Pakistani diplomat Zamir Akram said some countries have “lagged behind” in acting to curb incitement, despite international calls to do so after a spate of Quran-burnings in Europe last year.

Attacks based on religion are rising around the world, diplomats heard. Mr Akram, a UN human rights envoy and former Pakistani representative on the council, said provocateurs had “significant room to manoeuvre”.

While last year's public stunts in Sweden and Denmark were widely condemned, views differ on whether to punish such acts as criminal offences. Egypt and Pakistan on Friday sided with calls for tougher laws.

A UN free-speech champion said burnings of the Quran were “deplorable acts” but urged countries to be cautious in turning to criminalisation and consider other measures to promote tolerance.

The UAE called on countries to “recognise that hate speech and extremism can lead to violence and conflict”. It told the council in Geneva of “a need to strengthen respect, tolerance and peaceful coexistence among religions”.

Saudi Arabia said freedom of expression "should not be used inappropriately" and religions should be respected as a matter of human rights.

Mr Akram said the burning of religious texts “has a dangerous past and often is a precursor to violent crimes”.

“Combating religious hate is not about protecting a religion,” he said. "It is about protecting the people who pursue that faith from the human rights impacts of unchecked hate."

The council last year issued a call, supported by the UAE, calling on states to speak out against the burning of sacred texts and punish acts amounting to “incitement to discrimination, hostility or violence”.

It was opposed by the US and some European powers but Denmark has since passed a law making it illegal to burn holy books in public. Sweden is reviewing its laws after last year's spate of Quran-burnings soured its relations with Muslim countries.

Mr Akram said the “case for specific prohibition is strong” as he warned a lack of action to tackle the problem could lead to a “breakdown of consensus”.

“The international consensus to combat hatred based on religion stands on thin ice based on differences in ideological approaches,” he said.

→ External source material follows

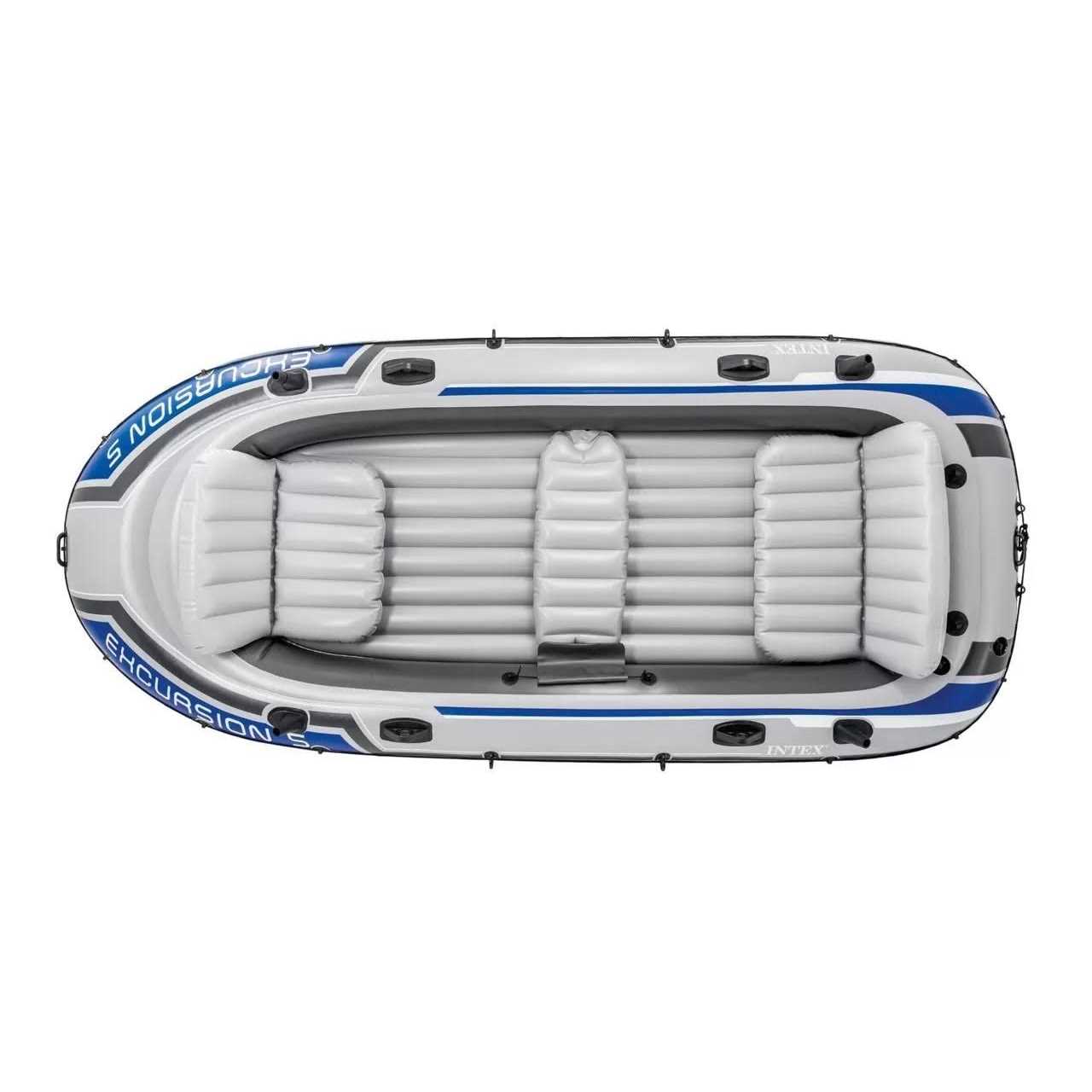 Intex Excursion 5 Person Inflatable Boat Set w/ 2 Oars - Image 5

“The thresholds generally identified to test incitement levels have been set so high that hate speakers have significant room to manoeuvre.”

Volker Turk, the UN's High Commissioner for Human Rights, said displays of contempt for religious texts were “often fed by a deeper pool of misperceptions and discrimination”.

Irene Khan, UN special rapporteur for freedom of expression and opinion, similarly described burnings of the Quran as “deplorable acts” that “must be condemned”.

However, she said hatred “cannot be eliminated by legal prohibition alone” and urged politicians to play their part by speaking out and not pouring fuel on the fire in a bumper year of elections around the world.

“Criminalisation is necessary in the most egregious cases but should be used with caution as it can be counter-productive,” she said.

“States must adopt a range of social policies and programmes to promote diversity, tolerance and respect for human rights and the rule of law.”